RECORD EXTRACTS START
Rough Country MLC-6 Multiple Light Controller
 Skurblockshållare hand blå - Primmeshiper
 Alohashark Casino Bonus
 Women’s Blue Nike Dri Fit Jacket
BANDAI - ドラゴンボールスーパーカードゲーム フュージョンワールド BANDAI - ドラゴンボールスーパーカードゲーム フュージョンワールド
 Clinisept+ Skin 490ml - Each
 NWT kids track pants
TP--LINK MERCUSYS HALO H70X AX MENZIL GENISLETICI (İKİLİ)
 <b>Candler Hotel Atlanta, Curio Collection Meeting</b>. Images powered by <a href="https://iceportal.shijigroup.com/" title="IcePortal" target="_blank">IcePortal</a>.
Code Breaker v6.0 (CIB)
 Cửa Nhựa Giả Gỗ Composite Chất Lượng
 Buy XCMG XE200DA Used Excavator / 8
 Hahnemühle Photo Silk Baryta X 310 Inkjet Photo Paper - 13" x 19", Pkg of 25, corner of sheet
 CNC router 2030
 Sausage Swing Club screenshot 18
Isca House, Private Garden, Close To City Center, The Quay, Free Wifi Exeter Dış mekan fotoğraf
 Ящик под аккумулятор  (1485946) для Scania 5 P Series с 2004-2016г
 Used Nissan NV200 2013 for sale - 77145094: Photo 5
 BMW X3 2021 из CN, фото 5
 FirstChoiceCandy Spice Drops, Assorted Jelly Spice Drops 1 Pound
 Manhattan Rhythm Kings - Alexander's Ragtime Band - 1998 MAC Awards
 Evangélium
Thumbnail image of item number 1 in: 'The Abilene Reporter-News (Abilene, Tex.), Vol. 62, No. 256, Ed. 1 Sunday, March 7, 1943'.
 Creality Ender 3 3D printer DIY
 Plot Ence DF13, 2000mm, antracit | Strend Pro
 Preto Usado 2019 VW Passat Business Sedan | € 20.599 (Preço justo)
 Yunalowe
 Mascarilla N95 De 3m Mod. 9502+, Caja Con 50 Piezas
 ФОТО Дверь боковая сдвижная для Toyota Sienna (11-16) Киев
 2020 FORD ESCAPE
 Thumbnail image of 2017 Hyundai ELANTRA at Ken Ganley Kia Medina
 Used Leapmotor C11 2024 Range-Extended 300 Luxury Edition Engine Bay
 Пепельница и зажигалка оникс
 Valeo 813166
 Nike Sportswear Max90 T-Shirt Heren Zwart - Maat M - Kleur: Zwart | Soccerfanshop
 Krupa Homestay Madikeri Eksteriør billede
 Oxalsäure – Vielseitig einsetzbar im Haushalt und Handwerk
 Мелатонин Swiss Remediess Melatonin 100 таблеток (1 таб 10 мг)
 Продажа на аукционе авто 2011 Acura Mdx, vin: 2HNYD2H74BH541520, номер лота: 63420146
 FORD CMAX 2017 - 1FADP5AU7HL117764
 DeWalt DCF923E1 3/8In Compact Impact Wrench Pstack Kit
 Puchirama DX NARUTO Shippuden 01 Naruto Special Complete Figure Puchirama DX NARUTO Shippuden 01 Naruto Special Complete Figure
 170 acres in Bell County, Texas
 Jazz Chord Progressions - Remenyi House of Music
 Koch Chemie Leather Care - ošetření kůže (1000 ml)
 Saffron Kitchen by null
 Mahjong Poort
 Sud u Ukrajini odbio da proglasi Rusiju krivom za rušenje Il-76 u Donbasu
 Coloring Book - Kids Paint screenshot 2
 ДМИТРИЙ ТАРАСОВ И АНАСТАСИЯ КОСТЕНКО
RECORD EXTRACTS END
_EXERCISE DESCRIPTION_. The required output is every line from the one with "Mascarilla N95 De" to the final line of the entries, repeated exactly and with nothing else.

_TASK OUTPUT_.
 Mascarilla N95 De 3m Mod. 9502+, Caja Con 50 Piezas
 ФОТО Дверь боковая сдвижная для Toyota Sienna (11-16) Киев
 2020 FORD ESCAPE
 Thumbnail image of 2017 Hyundai ELANTRA at Ken Ganley Kia Medina
 Used Leapmotor C11 2024 Range-Extended 300 Luxury Edition Engine Bay
 Пепельница и зажигалка оникс
 Valeo 813166
 Nike Sportswear Max90 T-Shirt Heren Zwart - Maat M - Kleur: Zwart | Soccerfanshop
 Krupa Homestay Madikeri Eksteriør billede
 Oxalsäure – Vielseitig einsetzbar im Haushalt und Handwerk
 Мелатонин Swiss Remediess Melatonin 100 таблеток (1 таб 10 мг)
 Продажа на аукционе авто 2011 Acura Mdx, vin: 2HNYD2H74BH541520, номер лота: 63420146
 FORD CMAX 2017 - 1FADP5AU7HL117764
 DeWalt DCF923E1 3/8In Compact Impact Wrench Pstack Kit
 Puchirama DX NARUTO Shippuden 01 Naruto Special Complete Figure Puchirama DX NARUTO Shippuden 01 Naruto Special Complete Figure
 170 acres in Bell County, Texas
 Jazz Chord Progressions - Remenyi House of Music
 Koch Chemie Leather Care - ošetření kůže (1000 ml)
 Saffron Kitchen by null
 Mahjong Poort
 Sud u Ukrajini odbio da proglasi Rusiju krivom za rušenje Il-76 u Donbasu
 Coloring Book - Kids Paint screenshot 2
 ДМИТРИЙ ТАРАСОВ И АНАСТАСИЯ КОСТЕНКО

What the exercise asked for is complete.